Gastroscopy (Upper Endoscopy) examines the esophagus, the stomach, and the first part of the small intestine (duodenum) [Figure 1]. A thin flexible tube (with a tiny video camera at the tip) is inserted through the mouth and advanced to the duodenum [Figure 2]. If needed, a small amount of tissue (biopsy) is obtained during the procedure. The biopsy is analyzed by a pathologist (a laboratory doctor using specialized microscopy techniques).

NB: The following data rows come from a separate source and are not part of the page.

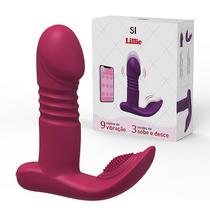 Vibrador Recarregável para Ponto G com Vibração e Controle via Smartphone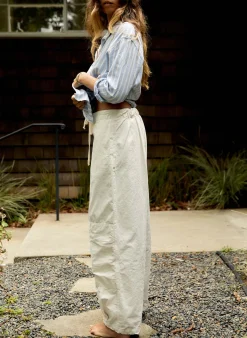 Women Imogene + Willie the flight pant in white ripstop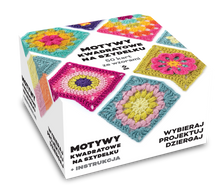 Motywy kwadratowe na szydełku. 50 kart ze wzorami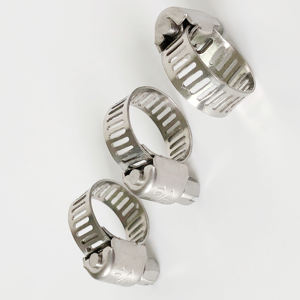 Collier de serrage de type américain pour câbles, <span class=keywords><strong>force</strong></span> de serrage élevée et bonne étanchéité, en acier inoxydable - Product Image 2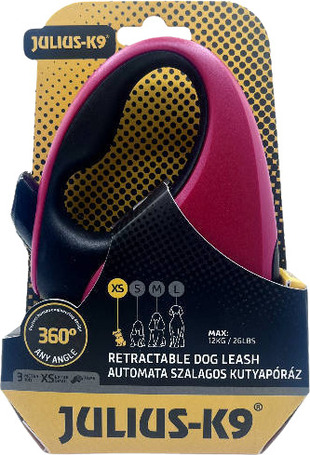 Julius-K9 automata szalagpóráz (Piros/Fekete)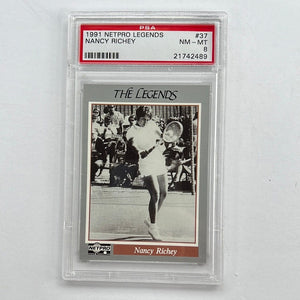 I Like Mikes Mid Century Modern PSA 1991 NETPRO LEGENDS NANCY RICHEY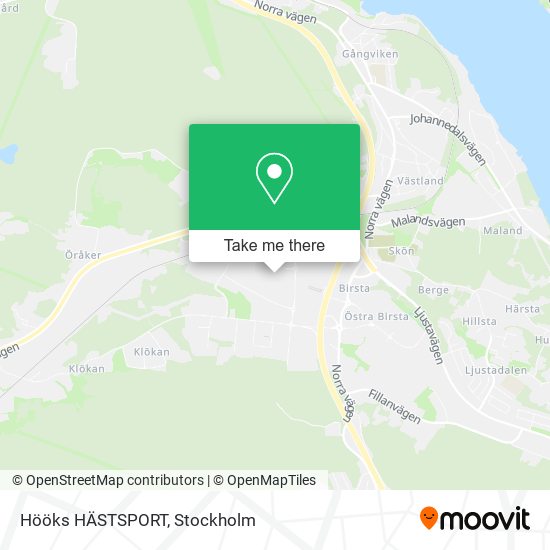 Hööks HÄSTSPORT map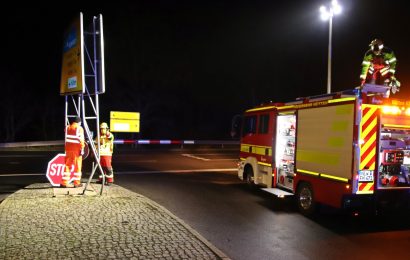 Verkehrsunfall auf der B299 bei Hütten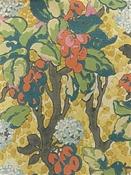 Bell Blooms Ochre Floral P Kaufmann Fabric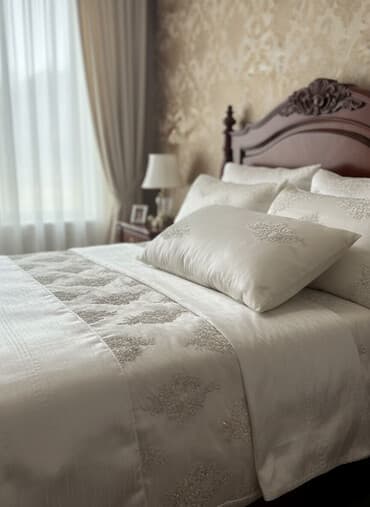 Yataq üçün İşlənmiş Qaşlı rəng - Bej Yataq örtüyü, Pulsuz çatdırılma lalafo.az -da Yataq üçün İşlənmiş Qaşlı rəng - Bej Yataq örtüyü, Pulsuz çatdırılma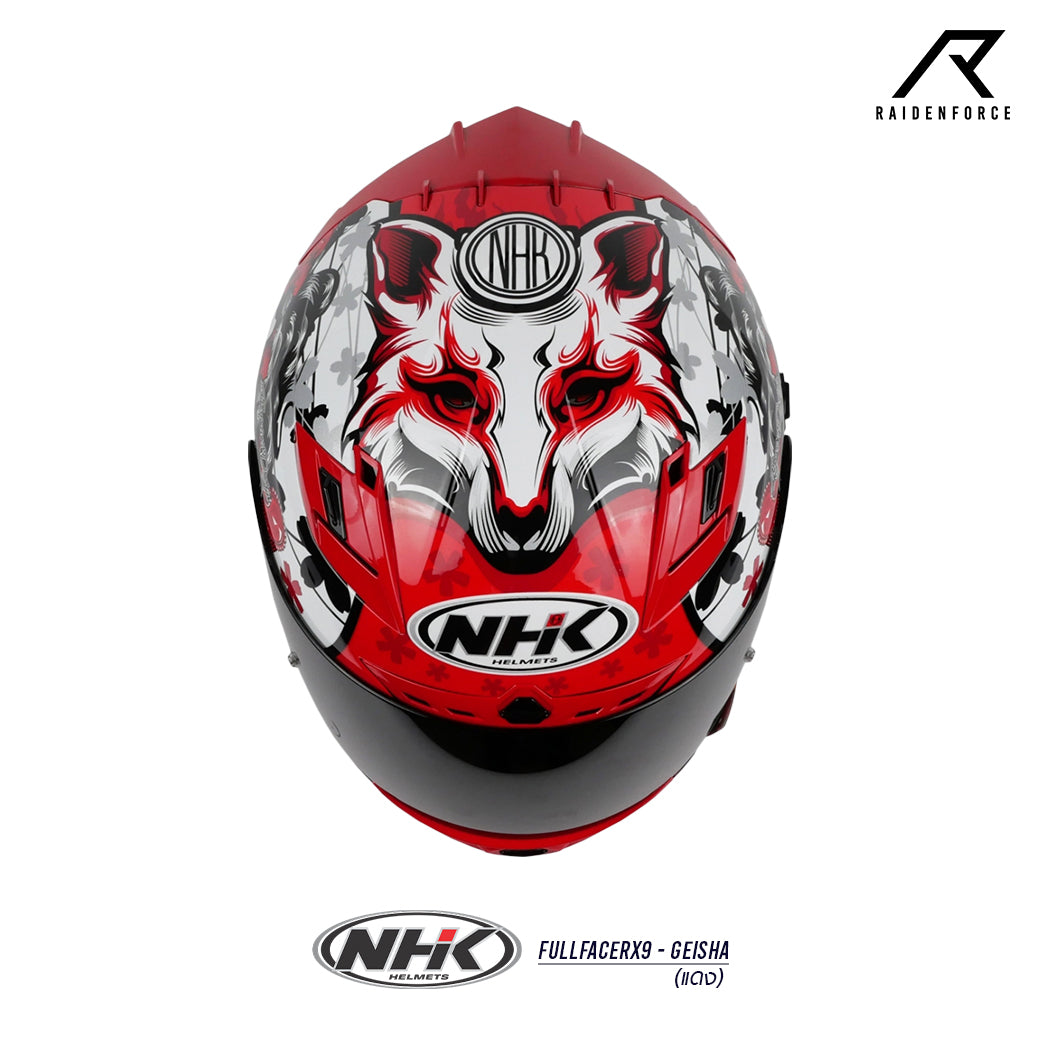 NHK FullfaceRX9-GEISHA Helmet, Red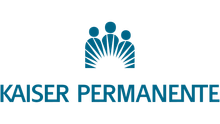 Kaiser Permanente logo: three silhouetted figures above a sunburst design, with the name below.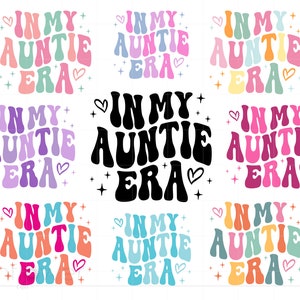 In meiner Auntie Era Shirt svg Bundle, Tante svg, New Aunt svg, Baby-Dusche-Geschenk-Svg, Instant Download SC3118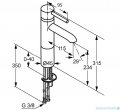 Vitalle TAIL bateria umywalkowa stojąca chrom wysoka 382960590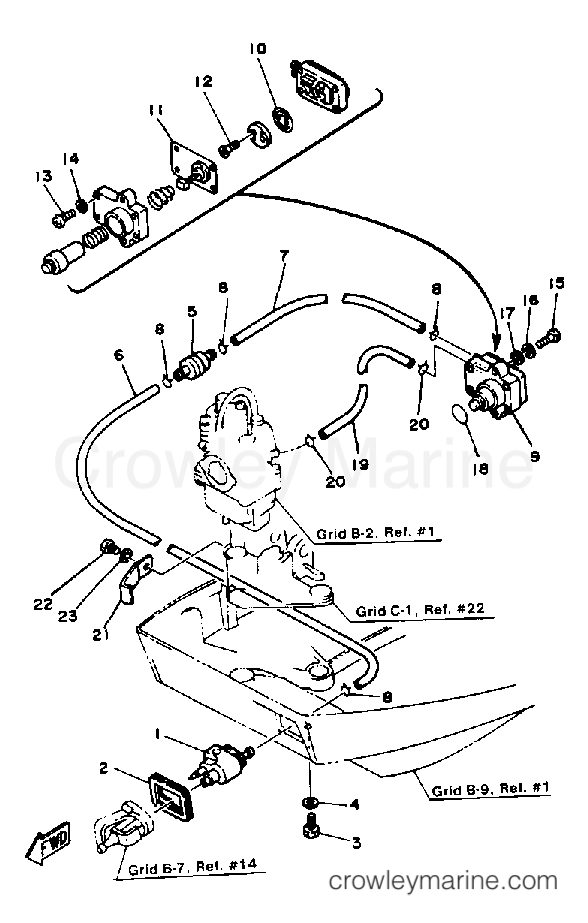 Yamaha Motors FT9.9XJ - FUEL SYSTEM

Figure 1 – Gastroscopy (Upper endoscopy)
Figure 2 – Gastroscope
Who should have a gastroscopy?
If you have any of the following symptoms, you should consider having a gastroscopy:
- Abdominal pain, cramping, spasm (in the upper abdomen)
- Acidity, heart burns, or a sour taste in the mouth
- Anemia (iron deficiency)
- Bloating and gas
- Dark stools (black)
- Diarrhea (unexplained)
- Difficulty with swallowing, regurgitation of food
- Night time coughing
- Personal history of Barrett’s esophagus
- Personal history of colorectal polyposis syndrome
- Personal history of Crohn’s disease
- Recurrent helicobacter pylori bacterial infection
- Strong family history of gastrointestinal cancers
- Suspicion for Celiac Disease (reaction to gluten containing food)
- Unexplained nausea and vomiting
How is the procedure done?
The procedure is explained to you the day you meet Dr. Maher Abbas for the consultation. The procedure is performed in the endoscopy suite by Dr. Maher Abbas. It takes approximately 15 to 20 minutes. It is performed under medications sedation. You do not feel or remember much of the procedure. Dr. Maher Abbas uses state of the art sedation equipment to ensure you have a pleasant experience [Figure 3]. An anesthetic spray is used to numb the throat. A full report and images of the procedure are provided to you with treatment recommendations. The procedure is performed on an outpatient basis and you go home afterwards. Normal activities are resumed the day after the procedure.
Figure 3 – Target controlled infusion [TCI] technology is used for optimal and safe sedation
Is there a risk with gastroscopy?
Gastroscopy is a safe procedure and Dr. Maher Abbas has performed thousands of endoscopic procedures. Minor risks include mild soreness of the throat, transient dizziness or nausea related to the medications, abdominal bloating and gas. A complication such as bleeding or perforation, a small hole in the digestive tract, is extremely rare.